What are the lines below, starting at the line containing "Точилка 1 отв." and ending at the line containing "Golf Scorecard Holder"? Write them out exactly, ends included, without pictures.

## INPUT DATA:

=== Section Start ===

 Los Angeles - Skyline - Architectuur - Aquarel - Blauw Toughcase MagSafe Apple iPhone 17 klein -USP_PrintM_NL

=== Section End ===
=== Section Start ===

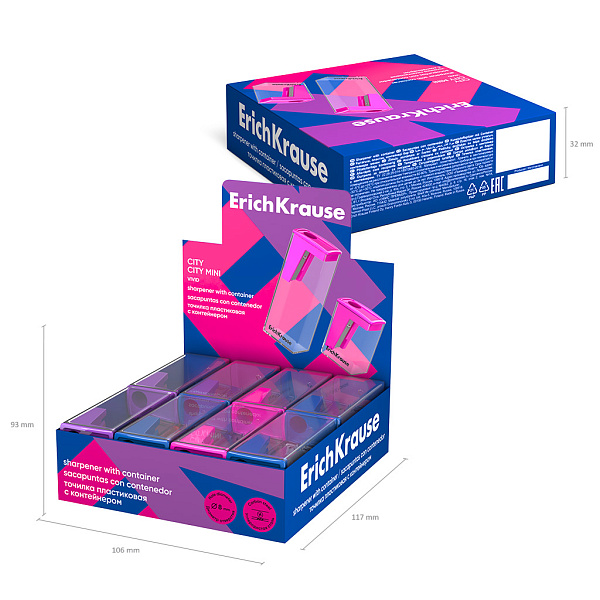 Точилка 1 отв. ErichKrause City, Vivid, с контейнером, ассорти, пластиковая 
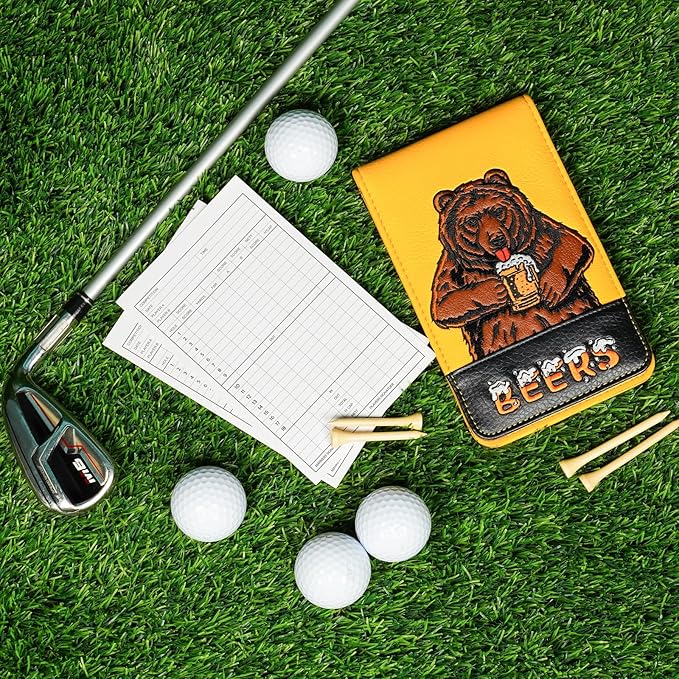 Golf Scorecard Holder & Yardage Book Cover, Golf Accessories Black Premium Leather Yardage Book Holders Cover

=== Section End ===
=== Section Start ===

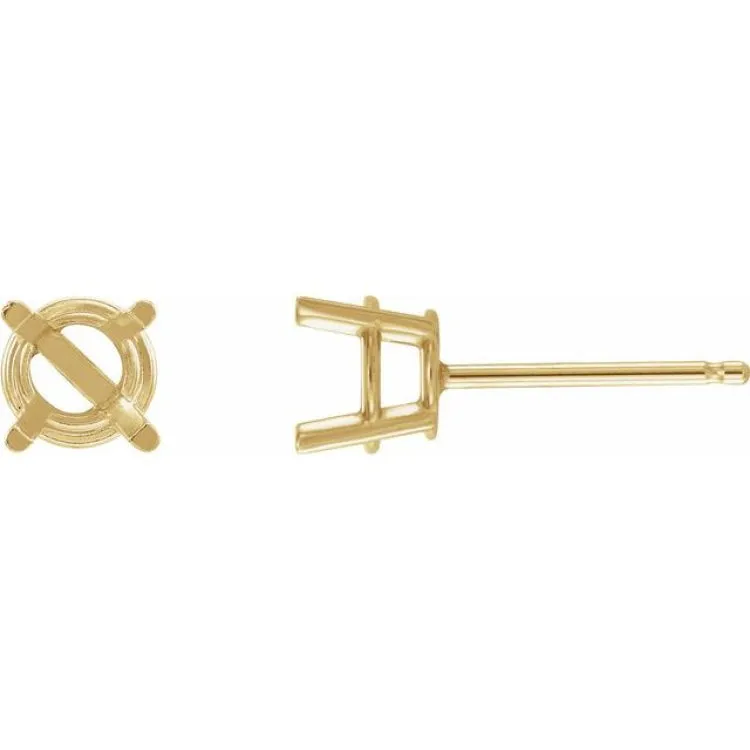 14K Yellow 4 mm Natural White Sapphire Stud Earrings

=== Section End ===

## RESPONSE:
 Точилка 1 отв. ErichKrause City, Vivid, с контейнером, ассорти, пластиковая 
 Golf Scorecard Holder & Yardage Book Cover, Golf Accessories Black Premium Leather Yardage Book Holders Cover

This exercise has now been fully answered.